Thoughts After 15 Days Of Writing True
After the workshop, nothing feels the same. I am once again understanding a new side of me and the change doesn't creep or crawl. It overwhelms. I look at old pictures to catch a glimpse of my growth and I try to predict what my next portrait will look like. Whatever happens, I can only write about it.
At the start of May, about a hundred people met #15DaysOfWritingTrue. It was an experiment and a gamble. We didn't know how far our 15 modules would go. Today, we officially end the workshop period and we see that we've traveled farther than we could have ever plotted on a map. From old Manila streets to New York subways, from urban deserts in Dubai to secret coves in small islands, we moved each other. We rode planes, trains, and rollercoasters. We took trips down surprise birthday parties while some birthdays were unexpectedly the last. We cried in rooms. We cried in public. We watched people in coffee shops and concerts and wondered how many of them were looking back. We scaled mountains and dove deep sea. We celebrated the return of family and we said goodbye to those who were about to leave. We studied landscapes and lovers' faces. We wrote letters to people we missed and the world wrote back on their behalf. Where there is light, the world writes. In between leaves. In colors. In slow and gentle mornings. In eyes. In rain. In fire. Where these things are, the world is teaching us to write in light. So what is true can shine. So what hurts can heal. So that things can grow. So what is heavy can finally become light.

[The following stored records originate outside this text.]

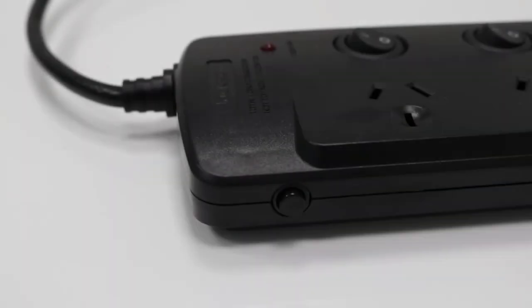This power board features surge and overload protection so that your devices are protected from unexpected surges and spikes.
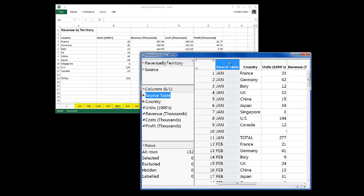Notice the Source Table column. This is the column that was created that contains the month information from the names of the original worksheets.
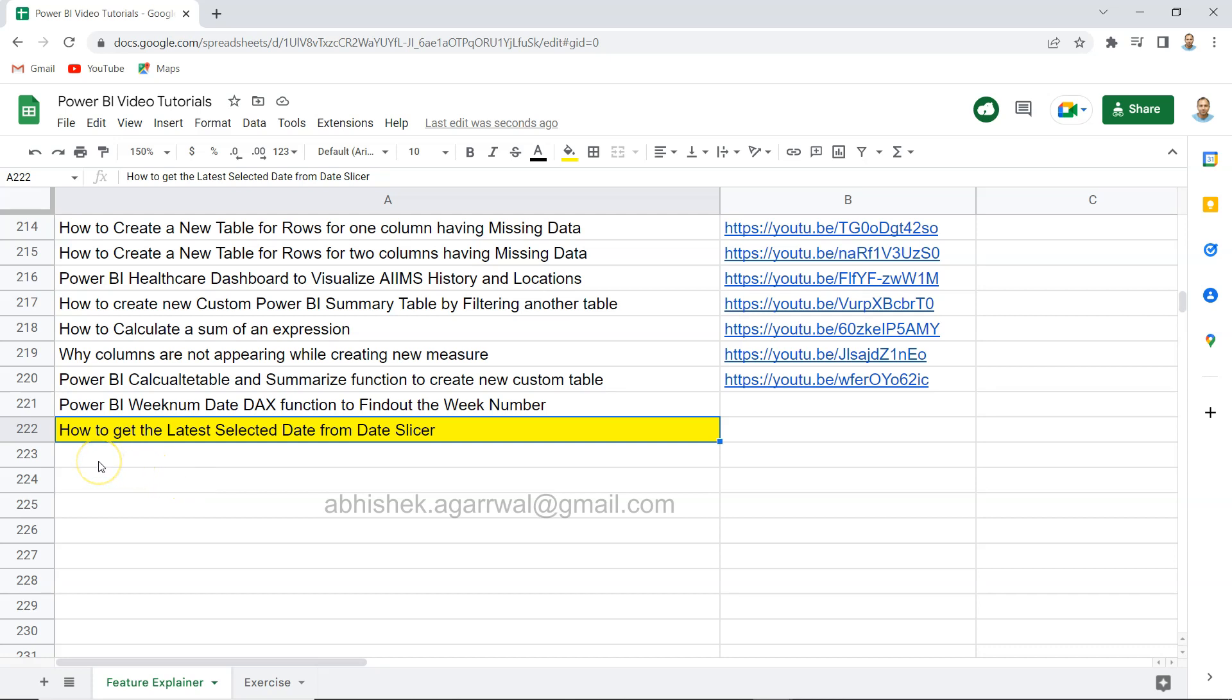Hello and welcome to the new Power BI tutorial video. In this video I want to show you how you can get the latest selected date from a date slicer. In a date slicer you have the start date and end date, and based on the end date that you are moving, how you will get that last date that is selected in the range.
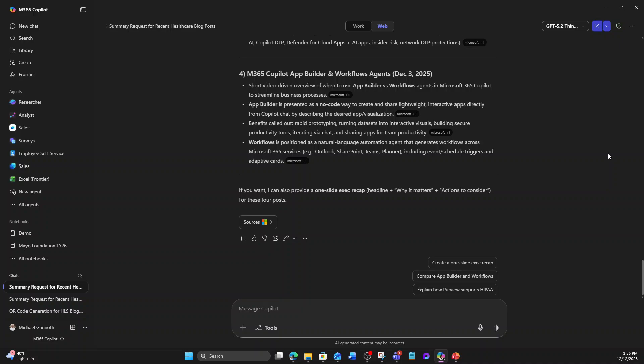So with that, this is Mike Giannotti saying start trying GPT 5.2 within Copilot and have some fun. And also have a great day. Take care, and as always, ciao.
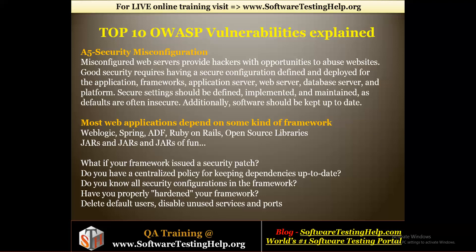Now most web applications depend on some kind of frameworks. Some of the common ones are WebLogic, Spring, ADF, Ruby on Rails, open source libraries, and various JAR files. There are lots of open source JARs available.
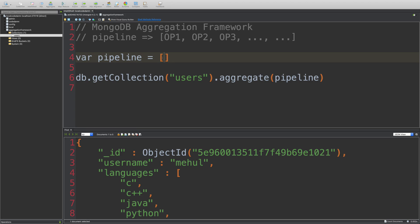So match pretty much works just like you would expect how find would work. But the only thing is that in aggregation framework, you can have multiple matches again and again, different at different places in the pipeline. So you get that particular advantage.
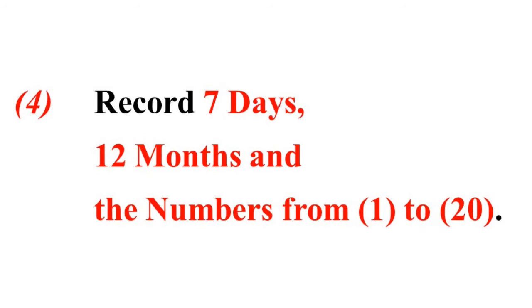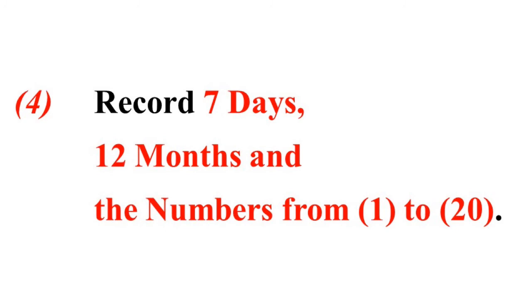Record the 12 months, January through December, and the numbers from 1 to 20.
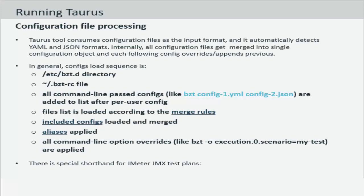The configuration file process sequence is as follows. It starts with the etc bzt.d directory, followed up with the bzt.rc file which contains all the default configurations. For example the default executor for the script that you will run using the bzt command.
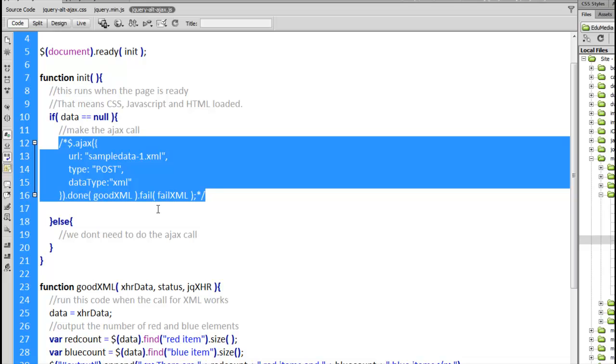Fail means there was some issue. Could have been a 404 error. Could have been a problem parsing the file. Whatever it is there was a problem.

I was scared that nobody wanted to write. Writing is less glamorous than its colorful counterparts. While many preferred to tell stories in pictures, in paint, in film, and in song, there didn't seem to be a ready audience of those willing to sharpen their skills at written verse. I was happy to be wrong. In a month, I met teachers, mothers, travelers, and dreamers. I met a black belter, a computer programmer, an engineer, and a chef. I met husbands through the stories of their wives. I met celebrities through the stories of their fans. I met newborn children and aging dads. I met many loves of many lives and I heard words spoken, sometimes tender, sometimes angry, most times, secret. I met all of these people without meeting them in person. I saw a different side to friends that they seldom show at parties. I sat and read more than a hundred different stories occuring at a hundred different times, and I felt them all at once, at home, at sea, wherever I went I brought them, and they will now be a part of me. Writing the feedback took forever because as I was answering how to improve sentences, I was inadvertently giving life advice. Maybe I wasn't supposed to do that. Maybe I should have just run a grammar check and rearranged words but nobody learns how to write like that. To write, you must first live the stories you want to write about. And to keep writing, you have to enjoy it. Put simply, writing true is enjoying life. In big or small ways, on good and bad days, write true.

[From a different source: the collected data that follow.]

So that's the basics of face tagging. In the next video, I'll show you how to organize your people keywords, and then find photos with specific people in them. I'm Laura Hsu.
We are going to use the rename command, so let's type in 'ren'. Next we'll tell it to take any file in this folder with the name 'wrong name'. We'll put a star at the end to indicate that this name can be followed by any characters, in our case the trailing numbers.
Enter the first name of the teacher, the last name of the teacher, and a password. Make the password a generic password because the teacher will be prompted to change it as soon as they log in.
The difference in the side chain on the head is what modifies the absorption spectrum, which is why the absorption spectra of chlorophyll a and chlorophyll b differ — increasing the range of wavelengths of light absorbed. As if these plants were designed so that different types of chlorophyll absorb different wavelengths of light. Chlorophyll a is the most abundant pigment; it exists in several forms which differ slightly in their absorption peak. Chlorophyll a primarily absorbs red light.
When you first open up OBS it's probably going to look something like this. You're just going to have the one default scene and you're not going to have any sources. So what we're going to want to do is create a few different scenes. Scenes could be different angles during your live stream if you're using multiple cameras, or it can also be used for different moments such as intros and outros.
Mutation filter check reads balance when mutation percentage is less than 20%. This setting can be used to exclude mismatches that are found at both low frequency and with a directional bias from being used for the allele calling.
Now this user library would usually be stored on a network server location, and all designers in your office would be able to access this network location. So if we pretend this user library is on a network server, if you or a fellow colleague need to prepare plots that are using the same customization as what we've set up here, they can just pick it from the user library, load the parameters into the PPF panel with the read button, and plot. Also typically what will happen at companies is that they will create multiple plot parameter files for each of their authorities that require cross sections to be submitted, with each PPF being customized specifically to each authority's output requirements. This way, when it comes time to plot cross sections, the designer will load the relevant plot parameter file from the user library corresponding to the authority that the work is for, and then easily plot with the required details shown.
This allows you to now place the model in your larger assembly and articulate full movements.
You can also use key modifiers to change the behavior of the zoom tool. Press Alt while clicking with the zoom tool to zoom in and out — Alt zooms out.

The call to write true rings louder now. I urge all writers to be louder than the gunfire. We are avid observers and talented empaths. We have the gift of making things felt. We must use our ability to speak clearly so others can find the light. Find the time to write. Take your notebook to your usual spot and meet the ugly, divisive truths that no one likes talking about. Maybe, if written well and true, the soul will listen. It's time. I write so emotions don't go unprocessed, so they don't haunt me anymore. Imagine a nation of unprocessed emotions. We know we are angry without understanding the real reason why. Write, so trauma doesn't hold the country hostage. Write, so people learn to tell fake news from the truth. Write, because art is the story of survival. Write, to end the wars inside us. This is the story of the year 2017. What are we saying right now?